Candid, por que não dava para pensar que ele fosse Honest, deu um empurrão forte em Bill e começou a cuidar do braço dela.
"Some daqui." Ele disse, Violet achou que já era demais:
"Cam! Quer parar com isso! Bill foi muito atencioso vindo aqui. Se essa bosta de acesso soltou a culpa não é dele!" Ela disse e rosnou, seus olhos esquentaram, ela arreganhou os dentes.
"Calma, Vi! Calma! E eu sou o Hon. Calma, querida, por favor." Ele pediu, Violet apertou os olhos. Não era Honest.
"Eu já vou. Fique calma, está bem? Não queira ter pressa. E, Honest, eu fiz a fórmula que você pediu." Ele falou com ela e com o falso Honest. Bill pegou um papel e entregou a ele, sorriu para Violet e se foi.
"Tá, agora me diga por que você está se passando por Honest. E não venha dizer que não é você, ou vou rasgar seu pescoço." Violet se admirou um pouco com a ameaça, mas a manteve.

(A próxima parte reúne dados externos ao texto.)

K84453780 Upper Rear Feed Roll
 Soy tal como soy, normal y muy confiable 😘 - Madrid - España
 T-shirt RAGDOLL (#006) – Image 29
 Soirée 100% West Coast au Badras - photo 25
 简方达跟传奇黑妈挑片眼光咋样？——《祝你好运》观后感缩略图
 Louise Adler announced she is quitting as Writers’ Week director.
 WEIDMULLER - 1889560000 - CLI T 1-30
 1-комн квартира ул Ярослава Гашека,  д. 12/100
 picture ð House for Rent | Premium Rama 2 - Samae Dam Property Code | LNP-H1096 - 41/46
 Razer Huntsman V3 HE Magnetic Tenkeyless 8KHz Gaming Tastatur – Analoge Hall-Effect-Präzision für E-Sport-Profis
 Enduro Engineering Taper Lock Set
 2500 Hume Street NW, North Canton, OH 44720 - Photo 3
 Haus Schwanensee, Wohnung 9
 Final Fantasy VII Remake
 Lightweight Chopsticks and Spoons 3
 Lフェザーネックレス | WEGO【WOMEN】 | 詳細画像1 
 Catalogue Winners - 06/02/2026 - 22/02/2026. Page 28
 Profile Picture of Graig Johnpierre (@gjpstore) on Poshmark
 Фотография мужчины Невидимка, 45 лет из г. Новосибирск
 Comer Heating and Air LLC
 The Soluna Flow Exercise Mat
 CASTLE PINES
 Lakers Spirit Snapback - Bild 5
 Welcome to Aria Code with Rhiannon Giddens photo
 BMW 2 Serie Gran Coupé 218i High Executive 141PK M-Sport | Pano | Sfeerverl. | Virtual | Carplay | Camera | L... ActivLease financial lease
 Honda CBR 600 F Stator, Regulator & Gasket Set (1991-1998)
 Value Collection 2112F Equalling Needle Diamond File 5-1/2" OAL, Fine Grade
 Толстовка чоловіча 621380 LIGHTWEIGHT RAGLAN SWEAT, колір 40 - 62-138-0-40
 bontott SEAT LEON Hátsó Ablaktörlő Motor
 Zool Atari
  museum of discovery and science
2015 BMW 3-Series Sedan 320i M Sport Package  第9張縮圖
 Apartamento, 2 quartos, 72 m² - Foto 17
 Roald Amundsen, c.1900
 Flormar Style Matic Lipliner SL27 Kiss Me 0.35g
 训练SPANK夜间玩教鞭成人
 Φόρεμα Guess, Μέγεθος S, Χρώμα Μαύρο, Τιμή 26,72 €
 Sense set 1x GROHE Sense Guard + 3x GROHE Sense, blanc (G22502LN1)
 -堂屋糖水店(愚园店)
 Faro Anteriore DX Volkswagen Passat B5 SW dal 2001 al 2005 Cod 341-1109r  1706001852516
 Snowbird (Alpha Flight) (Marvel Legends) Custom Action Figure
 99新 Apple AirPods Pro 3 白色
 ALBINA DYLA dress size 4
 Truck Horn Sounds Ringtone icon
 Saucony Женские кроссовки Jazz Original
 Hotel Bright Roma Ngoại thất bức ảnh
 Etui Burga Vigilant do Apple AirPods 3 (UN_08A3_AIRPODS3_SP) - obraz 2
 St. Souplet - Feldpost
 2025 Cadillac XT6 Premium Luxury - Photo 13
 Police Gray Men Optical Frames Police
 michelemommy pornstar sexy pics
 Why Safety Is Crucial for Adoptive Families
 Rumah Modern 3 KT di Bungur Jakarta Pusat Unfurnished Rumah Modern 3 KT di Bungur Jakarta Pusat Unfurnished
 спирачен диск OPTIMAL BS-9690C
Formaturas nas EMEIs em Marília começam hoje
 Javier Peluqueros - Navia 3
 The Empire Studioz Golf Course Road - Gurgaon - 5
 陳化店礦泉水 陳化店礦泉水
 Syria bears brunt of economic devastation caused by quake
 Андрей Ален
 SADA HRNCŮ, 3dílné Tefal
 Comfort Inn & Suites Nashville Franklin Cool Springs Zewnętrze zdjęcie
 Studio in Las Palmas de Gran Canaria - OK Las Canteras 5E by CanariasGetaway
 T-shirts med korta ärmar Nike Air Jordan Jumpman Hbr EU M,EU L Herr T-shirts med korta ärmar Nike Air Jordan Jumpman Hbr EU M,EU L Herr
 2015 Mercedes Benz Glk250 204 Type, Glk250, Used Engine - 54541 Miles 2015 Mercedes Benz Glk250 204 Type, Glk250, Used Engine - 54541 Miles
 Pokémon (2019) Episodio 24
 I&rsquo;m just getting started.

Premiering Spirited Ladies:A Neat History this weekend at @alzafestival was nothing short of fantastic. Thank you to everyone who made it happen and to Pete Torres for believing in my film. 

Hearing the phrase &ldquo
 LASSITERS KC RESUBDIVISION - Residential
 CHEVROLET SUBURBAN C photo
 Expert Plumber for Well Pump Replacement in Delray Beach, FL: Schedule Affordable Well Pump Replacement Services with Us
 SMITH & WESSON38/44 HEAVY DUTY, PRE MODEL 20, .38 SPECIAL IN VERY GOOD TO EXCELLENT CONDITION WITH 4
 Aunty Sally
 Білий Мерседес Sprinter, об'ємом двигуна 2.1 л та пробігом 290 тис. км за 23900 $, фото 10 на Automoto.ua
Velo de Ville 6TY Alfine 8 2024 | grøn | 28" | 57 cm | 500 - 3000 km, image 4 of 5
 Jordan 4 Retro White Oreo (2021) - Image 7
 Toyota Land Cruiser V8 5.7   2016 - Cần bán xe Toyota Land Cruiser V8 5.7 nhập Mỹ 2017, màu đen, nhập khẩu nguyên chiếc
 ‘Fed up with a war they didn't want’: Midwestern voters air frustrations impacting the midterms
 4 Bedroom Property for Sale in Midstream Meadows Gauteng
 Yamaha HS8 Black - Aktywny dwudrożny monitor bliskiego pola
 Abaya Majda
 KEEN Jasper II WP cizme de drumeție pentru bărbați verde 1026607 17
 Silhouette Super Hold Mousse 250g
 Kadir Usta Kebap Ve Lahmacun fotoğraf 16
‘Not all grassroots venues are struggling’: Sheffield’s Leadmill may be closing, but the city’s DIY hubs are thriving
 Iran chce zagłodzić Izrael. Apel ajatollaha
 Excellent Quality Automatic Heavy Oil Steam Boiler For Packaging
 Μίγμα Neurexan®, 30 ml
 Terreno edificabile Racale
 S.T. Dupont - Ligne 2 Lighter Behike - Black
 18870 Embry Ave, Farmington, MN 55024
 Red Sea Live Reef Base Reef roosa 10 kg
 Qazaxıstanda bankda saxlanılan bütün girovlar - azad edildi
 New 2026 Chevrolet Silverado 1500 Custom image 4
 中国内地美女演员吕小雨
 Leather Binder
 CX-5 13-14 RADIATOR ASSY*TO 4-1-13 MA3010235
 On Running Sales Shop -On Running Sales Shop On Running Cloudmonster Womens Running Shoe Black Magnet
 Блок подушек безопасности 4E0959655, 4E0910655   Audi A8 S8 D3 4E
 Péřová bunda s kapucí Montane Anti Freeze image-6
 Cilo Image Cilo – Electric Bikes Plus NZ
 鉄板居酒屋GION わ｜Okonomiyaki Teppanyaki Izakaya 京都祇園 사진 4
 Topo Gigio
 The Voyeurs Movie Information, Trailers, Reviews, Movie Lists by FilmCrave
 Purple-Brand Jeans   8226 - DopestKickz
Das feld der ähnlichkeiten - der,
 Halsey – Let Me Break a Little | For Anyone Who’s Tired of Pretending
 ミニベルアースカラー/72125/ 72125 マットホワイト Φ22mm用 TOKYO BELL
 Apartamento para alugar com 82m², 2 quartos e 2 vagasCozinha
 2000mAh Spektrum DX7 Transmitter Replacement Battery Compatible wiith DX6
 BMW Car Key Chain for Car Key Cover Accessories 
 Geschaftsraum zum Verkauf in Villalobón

"Sabe que não reagimos bem a ameaças, maninha, mas eu não estou fazendo isso por que eu quero, então..." Ele suspirou e a encarou. Com os olhos zombadores de Cam, não com os frios de Honest.
Ela sorriu.
"Há muito pra explicar, Vi. E você sabe que o cuzão do Sim é quem gosta de fazer isso. Eu teria uma alergia só em pensar em como eu organizaria toda essa história de merda." Ela riu.
"Seus olhos ainda não voltaram ao normal, acho que não vão." Ele disse, ela ergueu as sobrancelhas.
"Como?"
Candid pegou um espelho pequeno e lhe entregou, Violet gritou quando viu seus olhos. Violetas exatamente como os de Augustus e de todos os outros.